Friday 20 February 2009

Foot Rails.

All good pubs should have a foot rail. One of those brass rails that run along the bottom of the customers side of the bar, where the seasoned barfly can place one foot when planted in his favourite spot. Foot rails always take me back to the 70's when the bars in city pubs would often be populated by middle aged men with camelhair coats and pencil thin mustaches who lent on the bar with one foot on the rail and greeted each other with lines like 'Whats your poison, squire' and when someone bought them a drink would often thank them with the phrase ' You are a gentleman and a scholar, sir'. Such fellows inevitably smoked small, and very smelly cigars and spent the entire evening gazing down the cleavage of the rotund, middle aged barmaid who usually bore a striking resemblance to a character in a painting by Beryl Cook no doubt wondering if they just had a couple more scotch on the rocks whether they might invite her out after the pub closed, although one doubts that many of them ever got that lucky.

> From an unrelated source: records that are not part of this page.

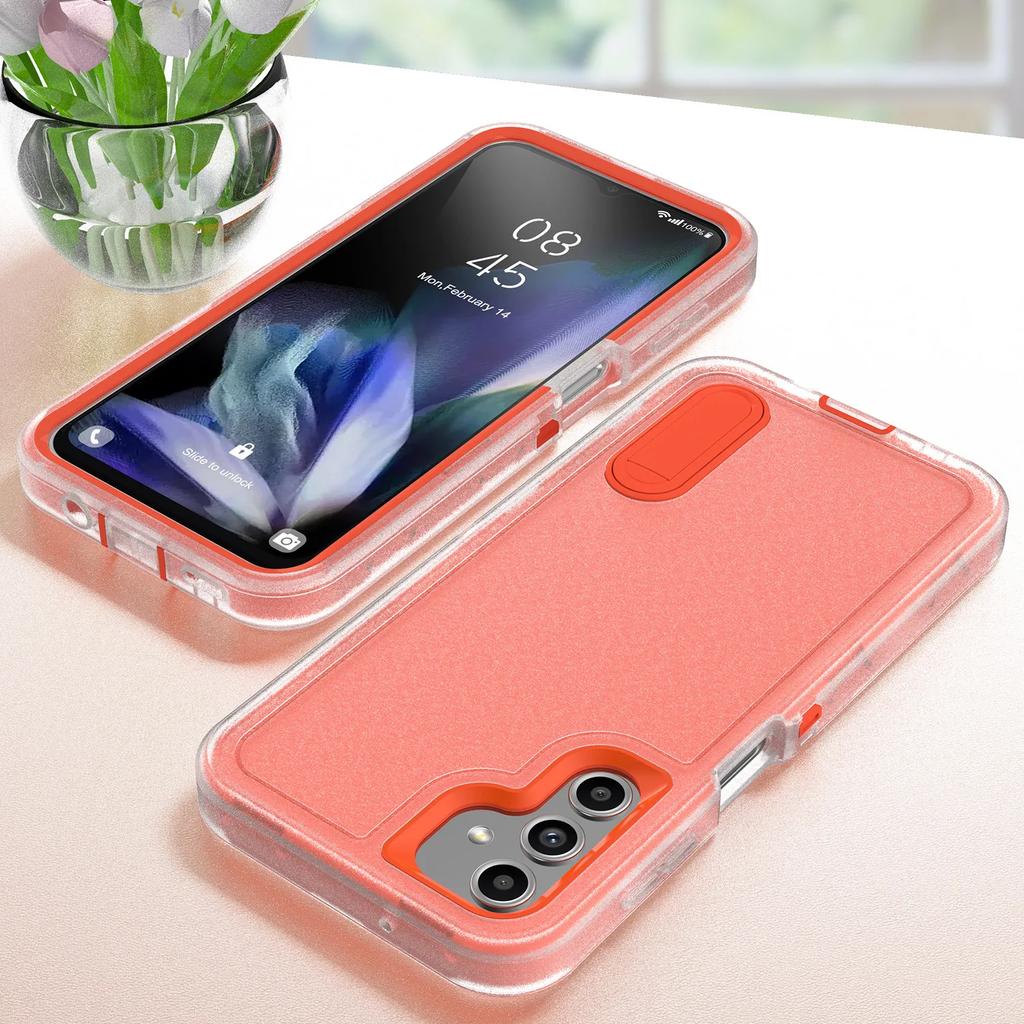Anti-Shock Strong Cover Cases for Samsung Galaxy S26 Ultra A17 A54 5G A56 A36 A16 A15 A14 A53 S23 S25 FE S24 S25 edge S22 Plus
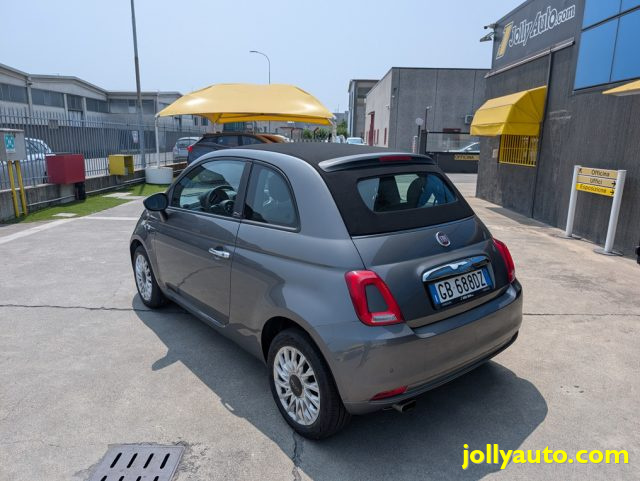 FIAT 500C usata, con Sensori di parcheggio posteriori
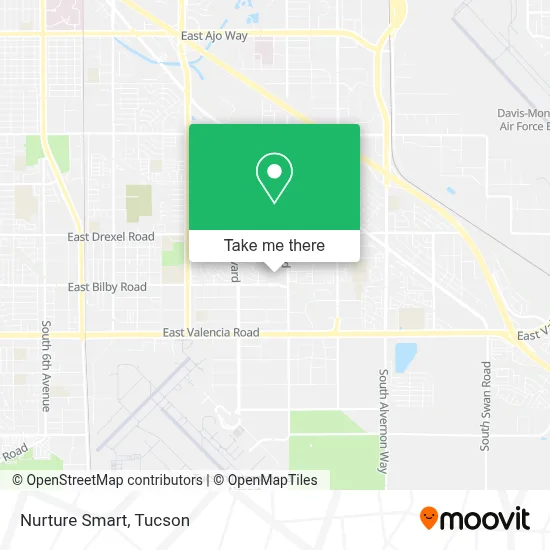Nurture Smart map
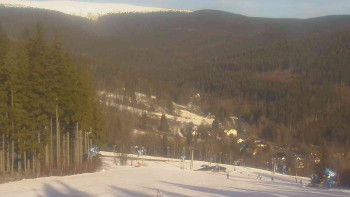 Ski Karlov - areál Karlov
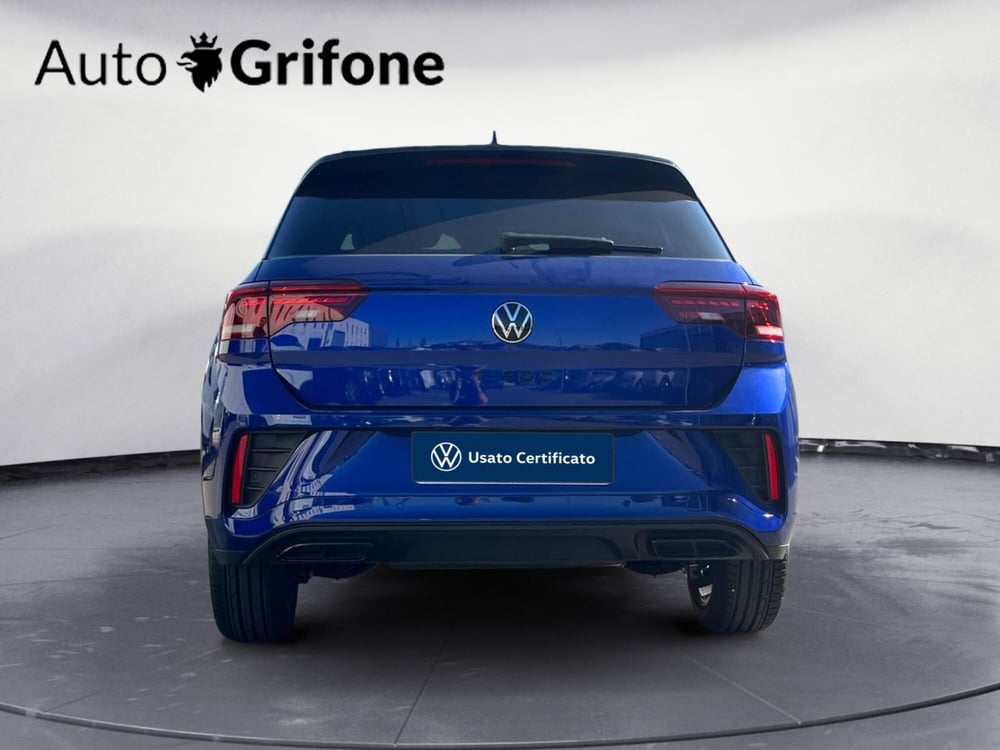 Volkswagen T-Roc nuova a Modena (3)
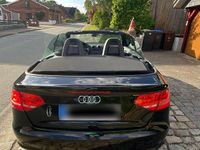 Gebraucht Audi A3 Cabriolet 101 PS (74 kW) 2009 Schwarz Cabrio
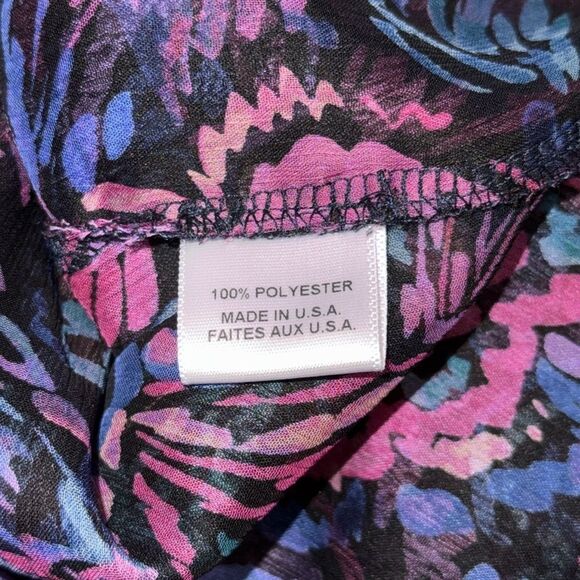 NWT MISA Los Angeles Colette Midi Dress in Flora Electric Large Revolve - Picture 15 of 16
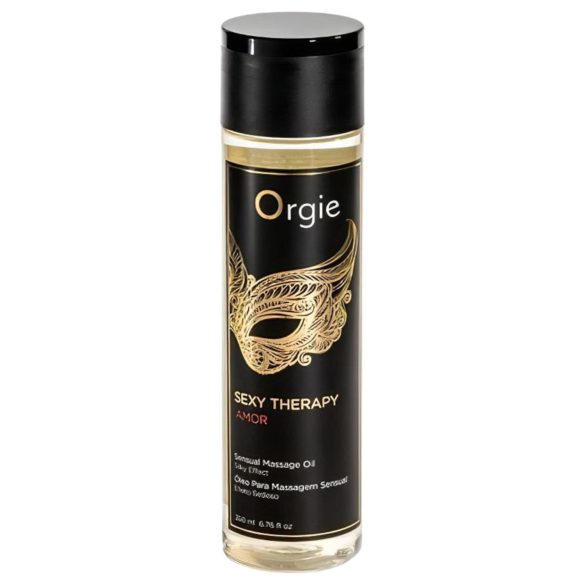 Orgie Amor - aceite de masaje sensual (200ml)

The female partners of such flash gents rarely got near the bar, being usually confined to the snug with their glasses of Snowball to be eyed up from a distance by the spotty teenage lads trying to get a drink underage in the 'Jug and Bottle'.

The flash gents are now gone along with the cigars into pub folklore but in a good pub the foot rails remain, lets all ensure that they do so.

Along with the barmaids with the cleaveges, of course .

3 comments:

Anonymous said...

Bring back spitoons?

Tobireg said...

I do miss those old spitoons.

Every time.

Anonymous said...

A sign that you sometimes see in the Gents in pubs is:

"We aim to please - you aim too, please".

I suppose spitoons must have had that engraved round the rim.